If you and I reach an agreement, we shake hands. If we want to make it a bit more formal, we create a document, and sign it. The old covenant had its signs. To signify that you had become a member of the covenant people (if you were male), you were circumcised. Beyond the initial sign, as a member of the covenant people, you took part in rituals - sacrifices, festivals. As I believe Isaiah pointed out somewhere, however, it was possible to be scrupulous (and enthusastic) about maintaining the outward symbols of the relationship, while inwardly ignoring its fundamental requirement - obedience.

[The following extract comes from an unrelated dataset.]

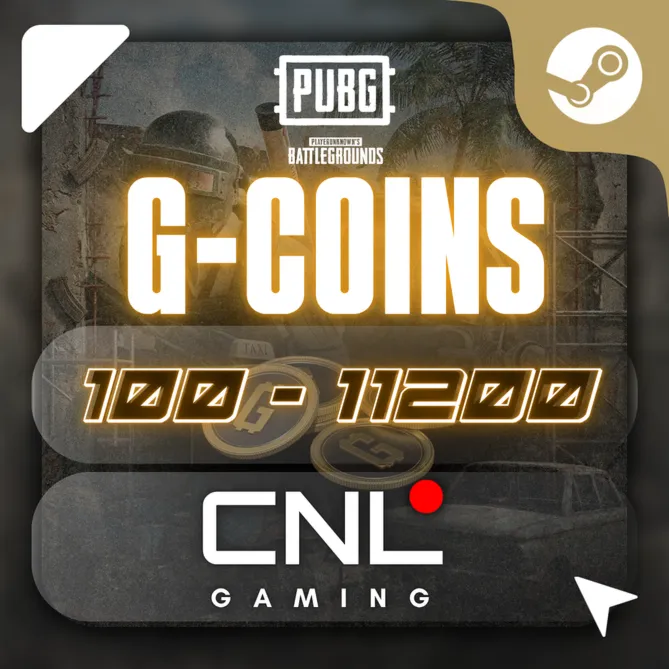 PUBG: BATTLEGROUNDS 100-11200 G-COINS - Ключ для ПК - irongamers.ru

The new covenant, the covenant of grace, also has its signs. The initiation rite is baptism (an obvious difference appears immediately - a day after your baptism, there may be no visible evidence of what has happened, whereas circumcision leaves a scar). I submit to baptism to signify (among other things) that I am joining the community of believers. As I continue in the faith, I participate in its activities. I would suggest that communion (or the eucharist) is the action (more than any other) which signifies the renewal and continuation of my acceptance of God's promise.
Of course, different denominations do communion differently. As I find myself once more in the Church of Scotland, I am aware that the way that things are done does influence the way that I think about the whole thing. The CofS takes communion just three or four times a year. It becomes (has, for me, therefore, always been) impossible to think of communion as sustaining my daily (or even weekly) life as a Christian. Indeed, I lived through presumably my formative years as a Christian without being allowed to take communion - I 'joined' the church aged eighteen. I sometimes wonder if those with authority in the church ever think to decipher the messages they send by the rules they apply.